Europe’s investigation of cheap electric vehicles from China is appreciated, a little late and will not be enough on its own to reverse the region’s fortunes, according to Roberto Vavassori, the president of Italy’s automotive industry association.
The car sector is in trouble in part because the European Union is trying to regulate its way to an all-electric future without appreciating the implications for industry, Roberto Vavassori, the head of the trade association known as Anfia and an executive director of braking supplier Brembo, told Bloomberg News in an interview.
Here are highlights from the conversation, which have been edited for length and clarity:
Are you relieved by the probe announced by European Commission President Ursula von der Leyen?
The probe is certainly welcome, but it also certainly comes at least a year and a half too late. A serious and efficient probe should have taken place quietly. I would have liked seeing this declaration accompanied by some probe results.
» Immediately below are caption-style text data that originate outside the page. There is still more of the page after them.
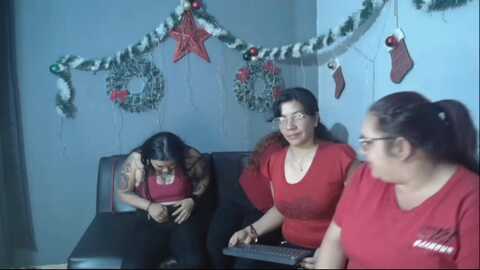 lesbian_funny_sex @ chaturbate on 20231215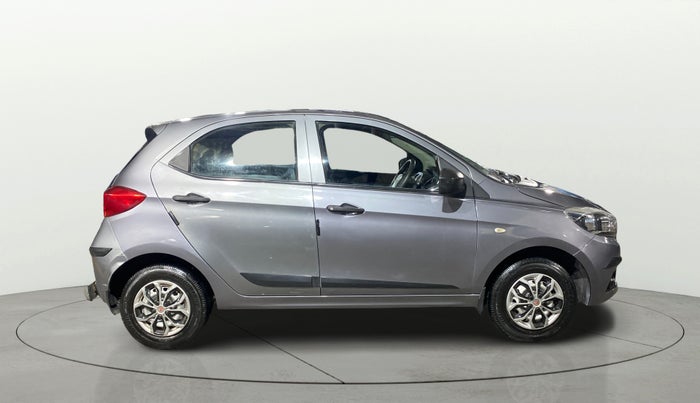 2020 Tata TIAGO NRG PETROL, Petrol, Manual, 44,242 km, Right Side View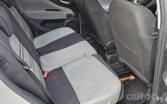 Fiat Punto Evo 2011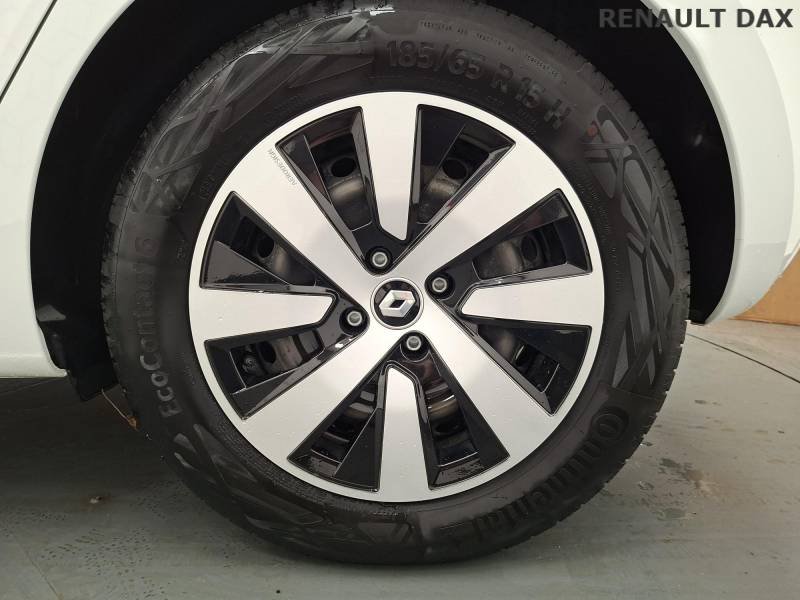 Renault Clio - Photo 21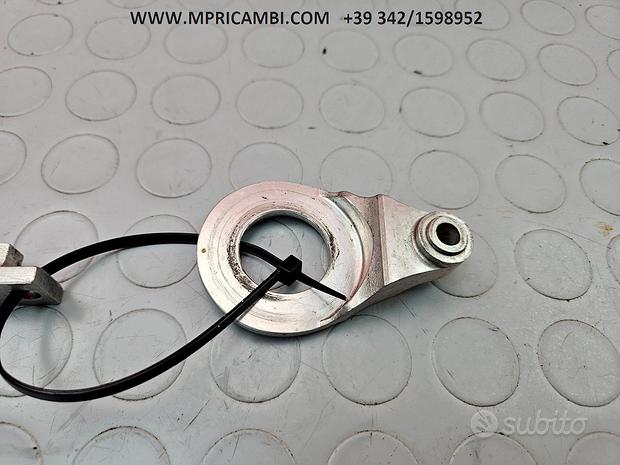 Subito SUPPORTI AMMORTIZZATORE STERZO MUPO AM01 TITANIUM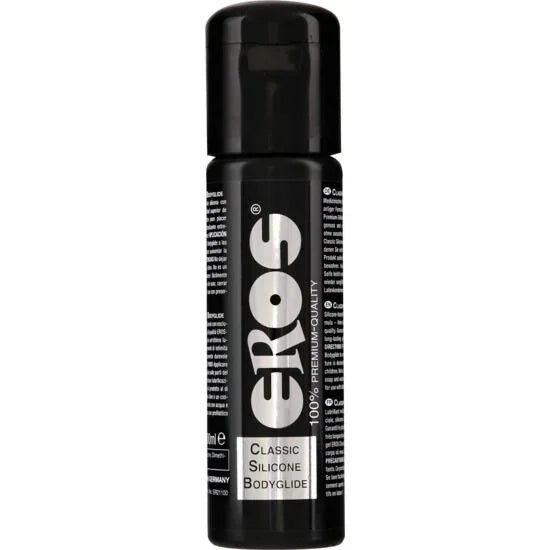 EROS - CLASSIC SILICONA BODYGLIDE 100 ML - Nuvica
Now that ships full of Chinese EVs have left their shores and are heading toward Hamburg and other European ports, it’s a bit late to flag that we are starting a probe, especially at a time of very delicate political and trade relations between Europe and China.
There are things we should have done years ago, first of all putting in place equal tariffs for European cars going to China and Chinese cars coming to Europe.
Is this probe a win for France, or the result of collective action?
This is not about France versus Germany. We should stop thinking in this partisan way.
It’s true that German carmakers have bigger auto investments in China than French ones, but it was not only the French pushing for this probe. We should not once again fall into the trap of polarization, of us-versus-them. It will not get us far.